**Work instruction:**
Down to the last line, transcribe the records verbatim and exclude the images.

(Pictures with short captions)
□ □ □ □ □
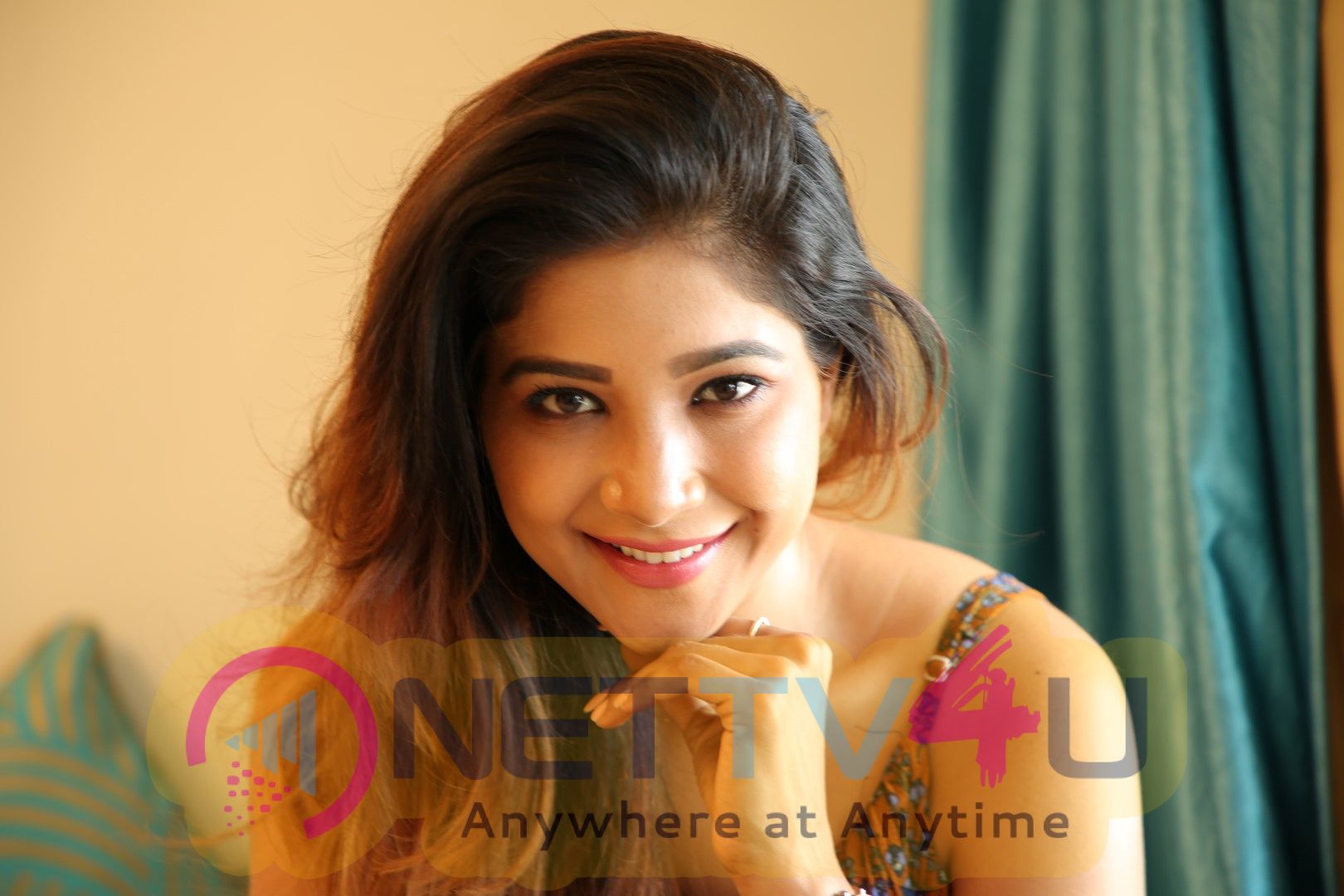 Actress Sakshi Agarwal Exclusive Interview Pics Tamil Gallery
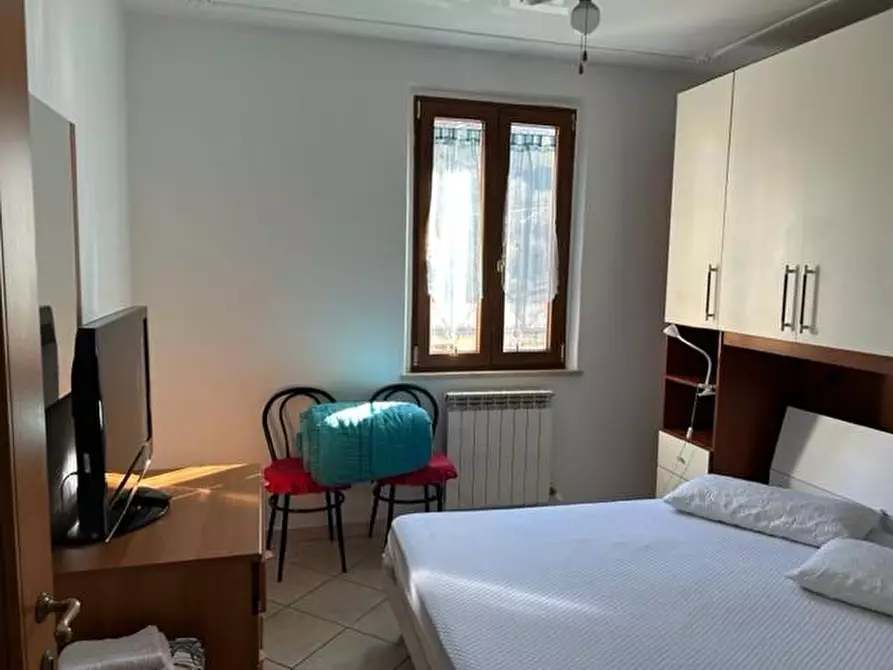 Immagine 6 di Appartamento in vendita  a Siena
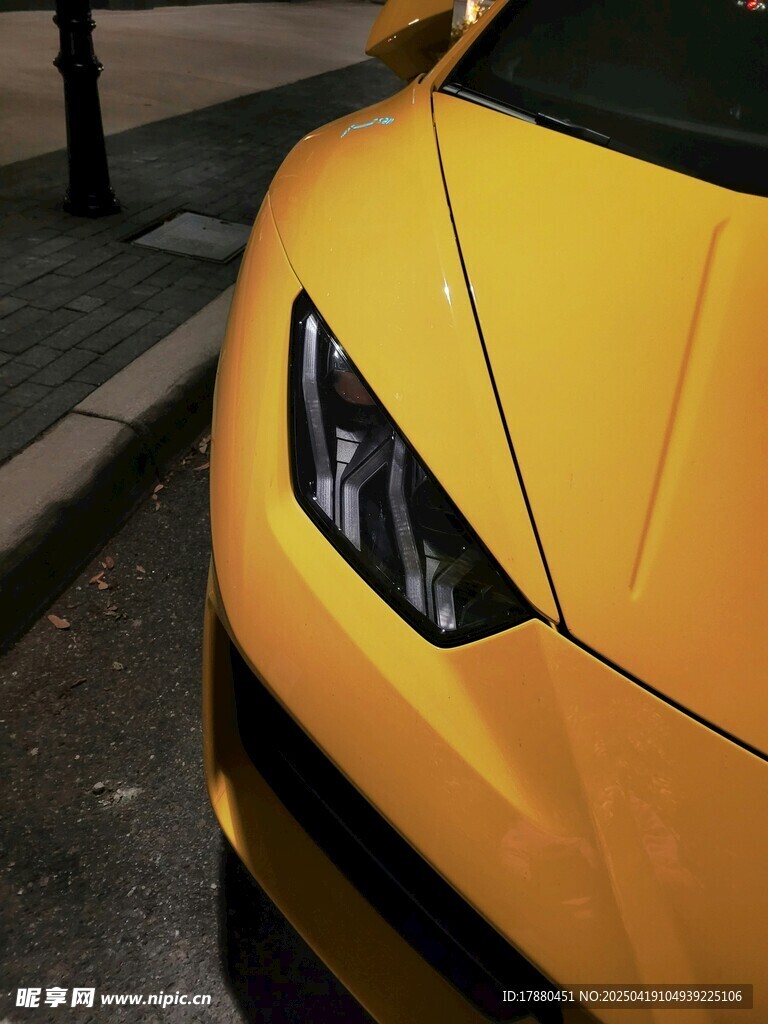 黄色跑车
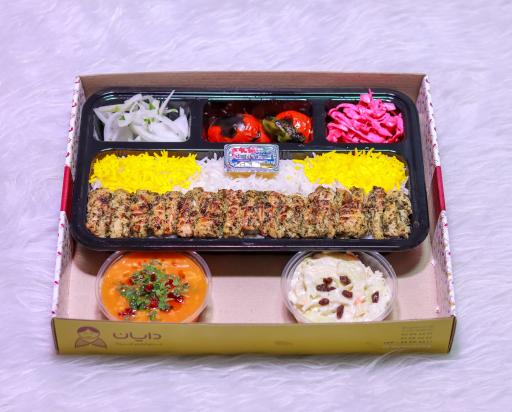 عکس تهیه غذای دایان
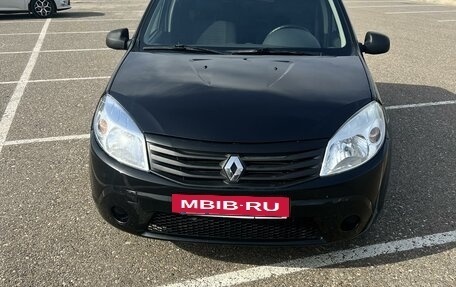 Renault Sandero I, 2012 год, 699 000 рублей, 2 фотография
□ □ □ □ □
**Result of this exercise:**
 Actress Sakshi Agarwal Exclusive Interview Pics Tamil Gallery
 Immagine 6 di Appartamento in vendita  a Siena
 黄色跑车
 عکس تهیه غذای دایان
 Renault Sandero I, 2012 год, 699 000 рублей, 2 фотография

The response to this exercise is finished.